I want to classify the input as one of 3 possibilities. Is it better to use 3 networks with one output each or 1 network with 3 outputs?
(i.e. 3 networks that output 0 or 1 or 1 network that outputs a one hot vector of length 3 [1,0,0]
Does the answer change depending on how complex the incoming data is to classify?
At what amount of outputs does it make sense to partition the networks (if ever)? For example, if I want to classify into 20 groups, does it make a difference?
I would say it would make more sense to use a single network with multiple outputs.
The main reason is that hidden layers (I'm assuming you'll have at least one hidden layer) can be interpreted as transforming the data from the original space (feature space) into a different space that is more suitable for the task (classification in your case). For example, when training a network to recognize faces from raw pixels, it might use a hidden layer to first detect simple shapes such as small lines based on pixels, then use another hidden layer to detect simple shapes such as eyes/noses based on the lines from the first layer, etc. (it may not be entirely as ''clean'' as this, but this is an easy-to-understand example).
Such a transformation that a network can learn is typically useful for the classification task, regardless of what class the specific example has. For example, it is useful to be able to detect eyes in images regardless of whether or not the actual image contains a face; if you do indeed detect two eyes, you can classify it as a face, and otherwise you classify it as not being a face. In both cases, you were looking for eyes.

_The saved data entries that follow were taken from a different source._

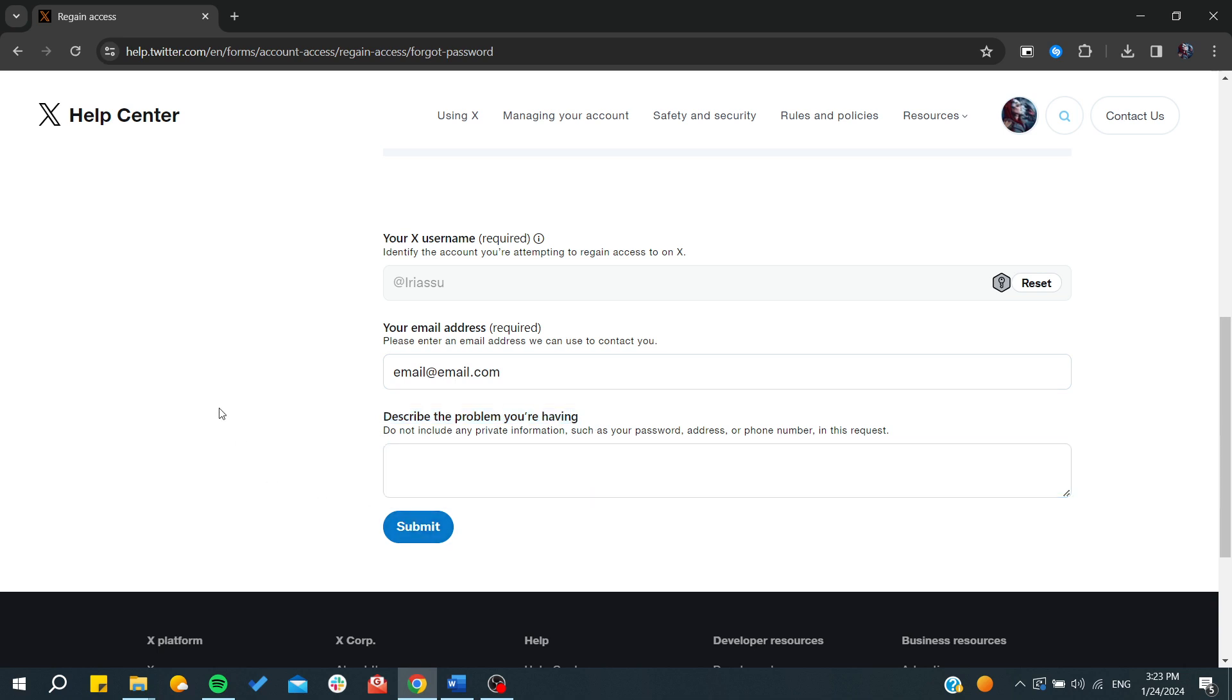And then you will need just to submit this form so you can receive a response, and then you can contact the support team so you can deal with them. So they can recover your account even if you don't have the phone number or the email address.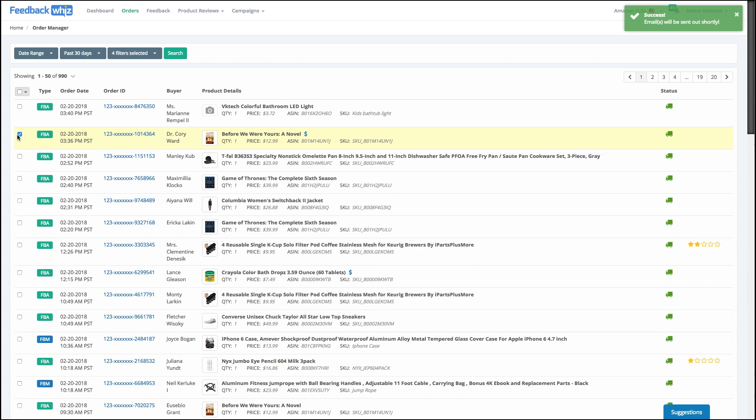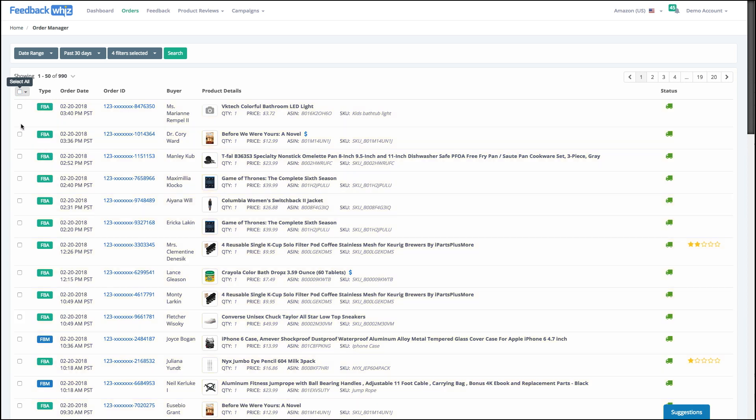And very quickly, if you just signed up to Feedback Whiz and you want to send an email to all of your past orders, you can filter by a certain date, and then you can either click select all or I can click I only want to send to these five people.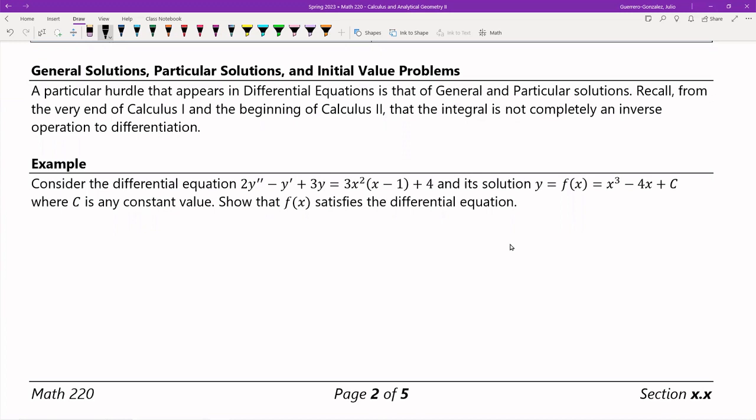Moving on, I want to talk about a general solution, a particular solution, and what's called an initial value problem. This comes out of the fact that an integral is not an entirely complete inverse of differentiation — because integration differs by a constant, it's not an entirely clean inverse process. That in itself is what produces what's called general solutions, and in order to find particular solutions, we need a little bit more information.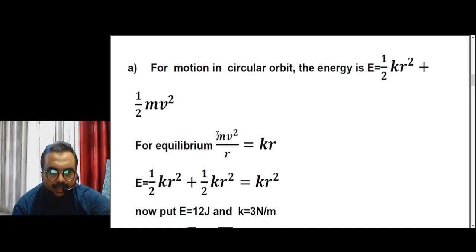This can be solved as follows. The energy of a circular orbit in central force motion is kinetic energy plus potential energy. In this case the potential energy is not gravitational but the spring potential energy, which is given by (1/2)kr², as studied in previous videos. So this is the spring potential energy and the other term is the kinetic energy.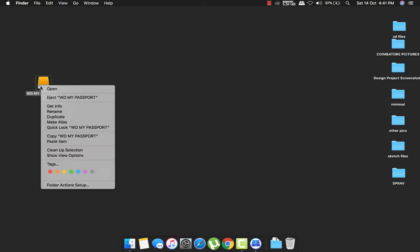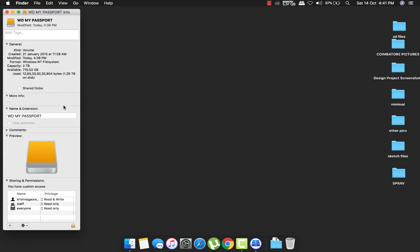So here I have my WD My Passport which is a 2TB hard disk that's on the NTFS file format.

So, by splitting up into multiple networks, you may end up learning quite similar patterns in all networks anyway. Then you might as well have saved yourself the computational effort and just learned it once.
Another disadvantage of splitting up into multiple networks would be that you would probably cause your dataset to become imbalanced (or more imbalanced if it already is imbalanced). Suppose you have three classes, with exactly 1/3 of the dataset belonging to each class. If you use three networks for three binary classification tasks, you suddenly always have 1/3 ''1'' classes and 2/3 ''0'' classes. A network may then become biased towards predicting 0s everywhere, since those are the majority classes in each of the three separate problems.
Note that this is all based on my intuition; the best solution if you have time would be to simply try both approaches and test! I don't think I have ever seen someone using multiple networks for a single classification task in practice though, so if you only have time for one approach I'd recommend going for a single network.
I think the only case where it would really make sense to use multiple networks would be if you actually want to predict multiple unrelated values (or at least values that are not strongly related). For example, if, given images, you want to 1) predict whether or not there is a dog on the image, and 2) whether it is a photograph or a painting. Then it may be better to use two networks with two outputs each, instead of a single network with four outputs.